TASK DIRECTIONS: Word for word, repeat the entries, minus the pictures.

*** Block opens ***

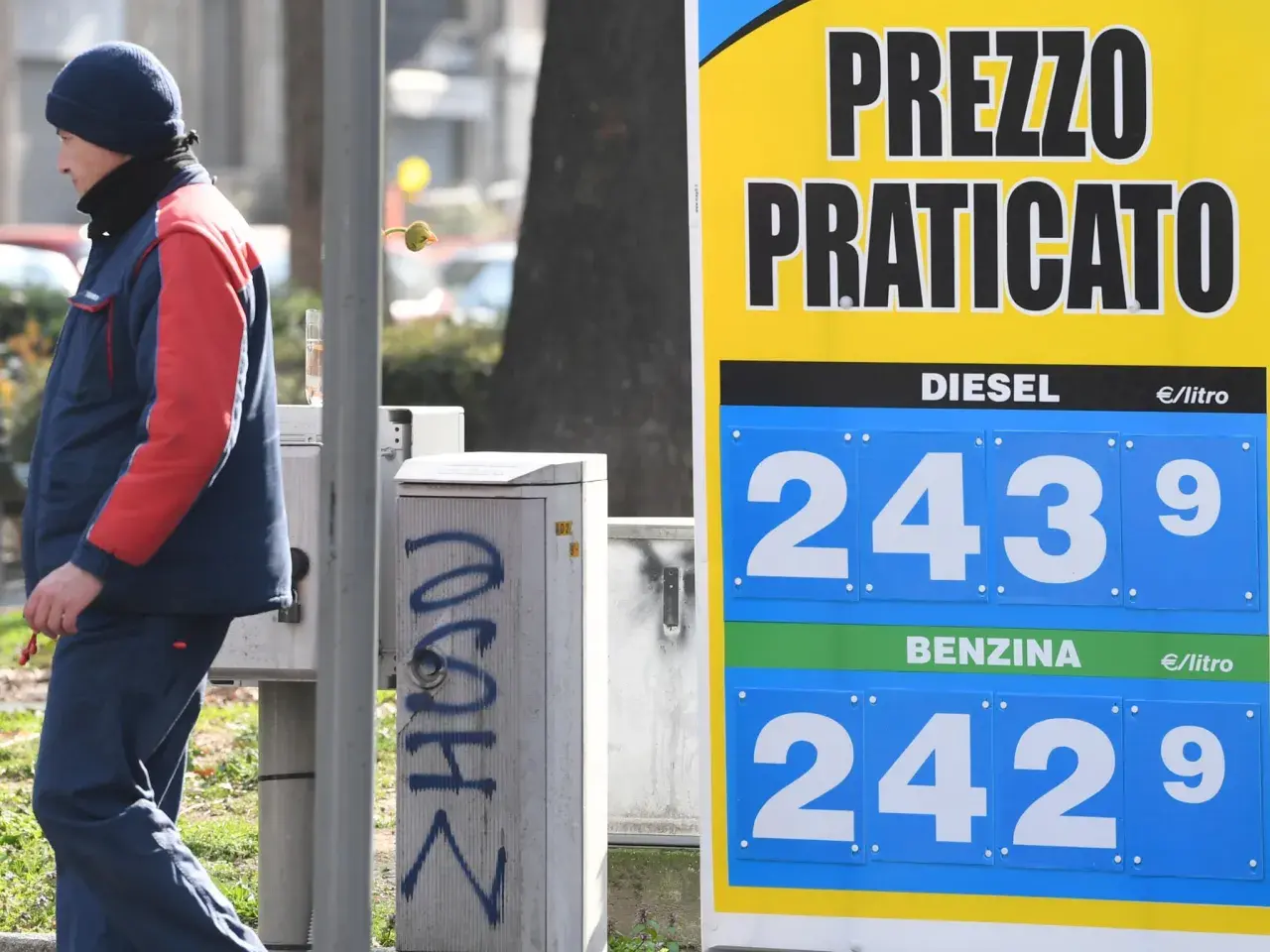 Prezzo praticato per la benzina: 2,429 €/litro. Un uomo in divisa osserva il cartello.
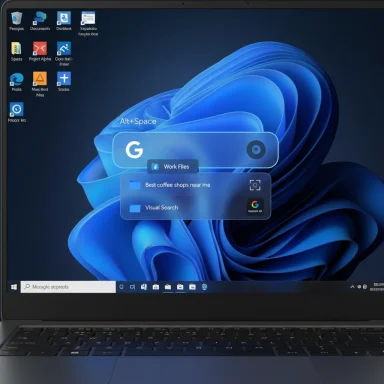 Laptop screen shows a Windows 11–style search overlay over a blue abstract wallpaper.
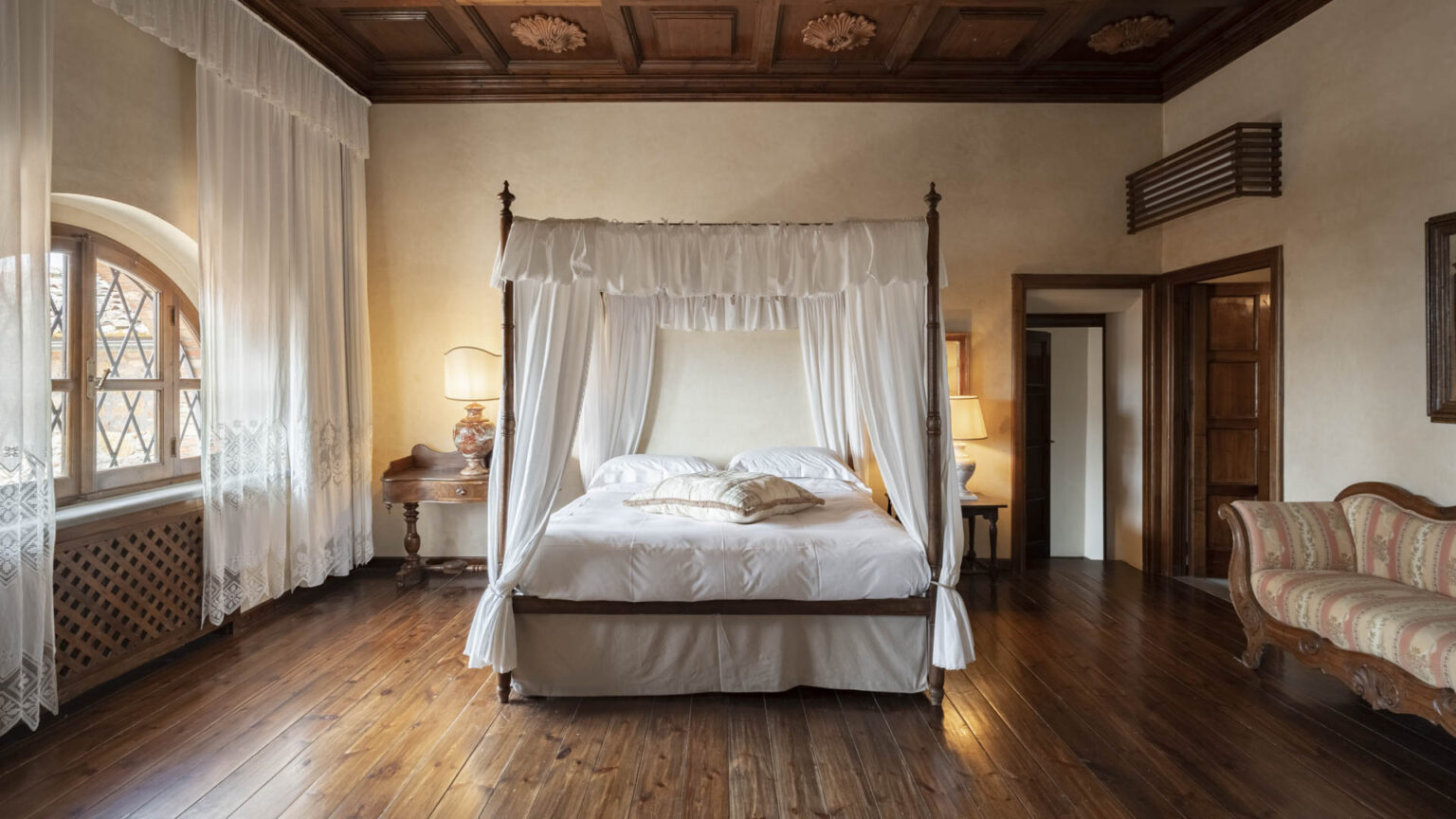 Elegant bedroom featuring a four-poster bed with white drapes, hardwood flooring, and natural light from arched windows. The room includes a vintage bedside table with a lamp and a classic upholstered sofa, creating a cozy and inviting atmosphere. Ideal for relaxation and comfort. | Only on SopranoVillas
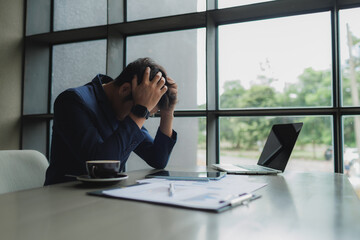 Male office worker overwhelmed by deadlines, staring at screen in frustration.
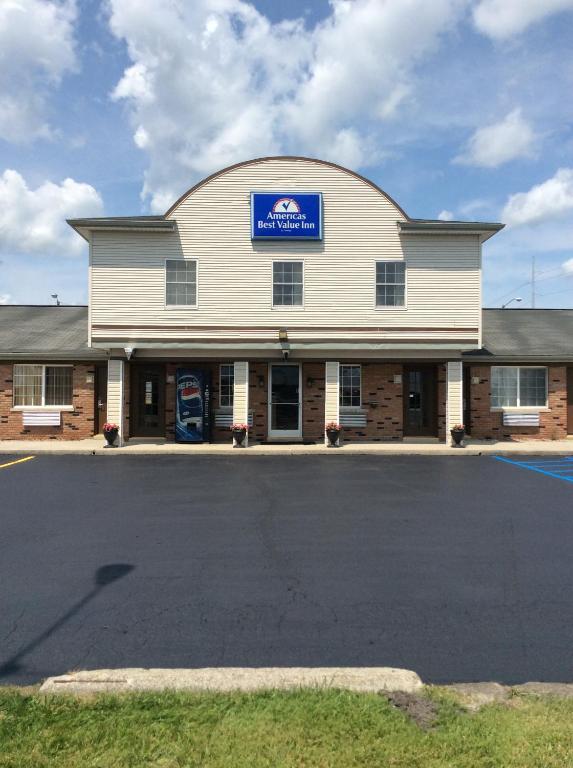 a building with a sign on the side of it at Americas Best Value Inn of Decatur in Decatur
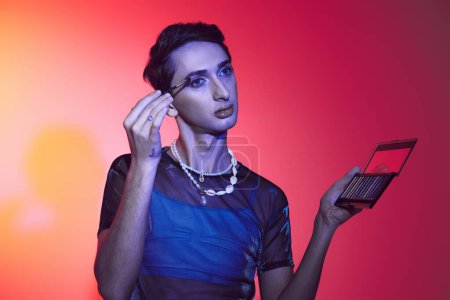 Téléchargez les photos : Voguish gay l'homme en tenue décontractée avec accessoires en utilisant fard à paupières palette sur fond vibrant - en image libre de droit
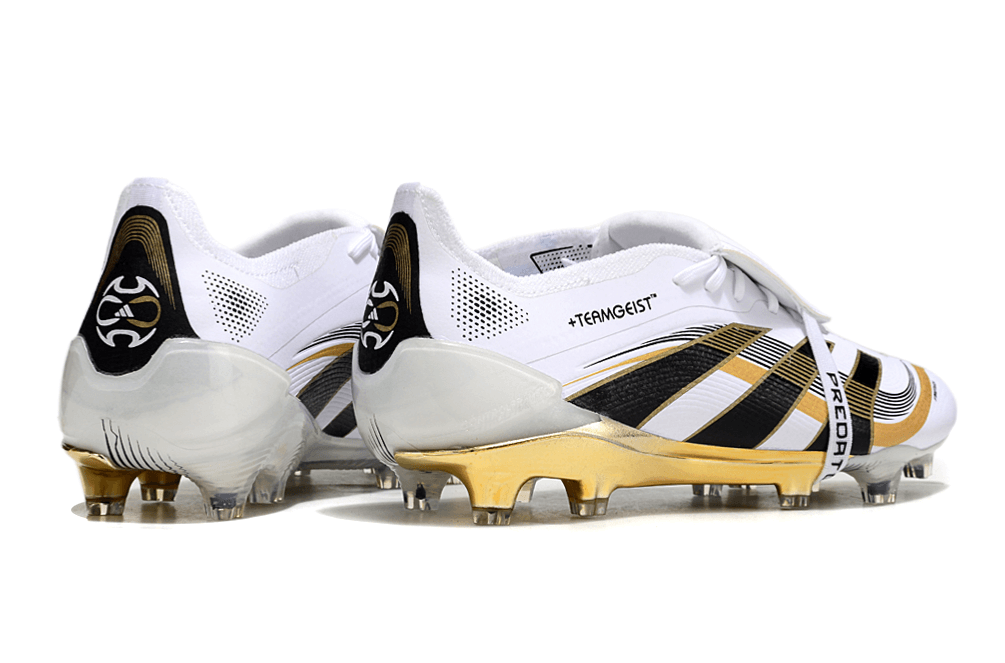 Chuteira Adidas Predator Elite FG Tongue Branca e Dourada "Teamgeist" com design icônico e cores ousadas.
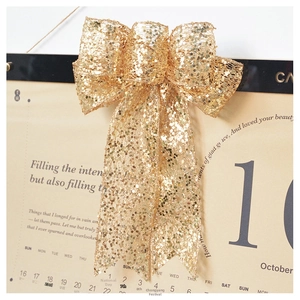 Detail view of large champagne gold sequined bow with sparkling metallic finish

*** Block closes ***

REPLY:
 Prezzo praticato per la benzina: 2,429 €/litro. Un uomo in divisa osserva il cartello.
 Laptop screen shows a Windows 11–style search overlay over a blue abstract wallpaper.
 Elegant bedroom featuring a four-poster bed with white drapes, hardwood flooring, and natural light from arched windows. The room includes a vintage bedside table with a lamp and a classic upholstered sofa, creating a cozy and inviting atmosphere. Ideal for relaxation and comfort. | Only on SopranoVillas
 Male office worker overwhelmed by deadlines, staring at screen in frustration.
 a building with a sign on the side of it at Americas Best Value Inn of Decatur in Decatur
 Téléchargez les photos : Voguish gay l'homme en tenue décontractée avec accessoires en utilisant fard à paupières palette sur fond vibrant - en image libre de droit
 Chuteira Adidas Predator Elite FG Tongue Branca e Dourada "Teamgeist" com design icônico e cores ousadas.
 Detail view of large champagne gold sequined bow with sparkling metallic finish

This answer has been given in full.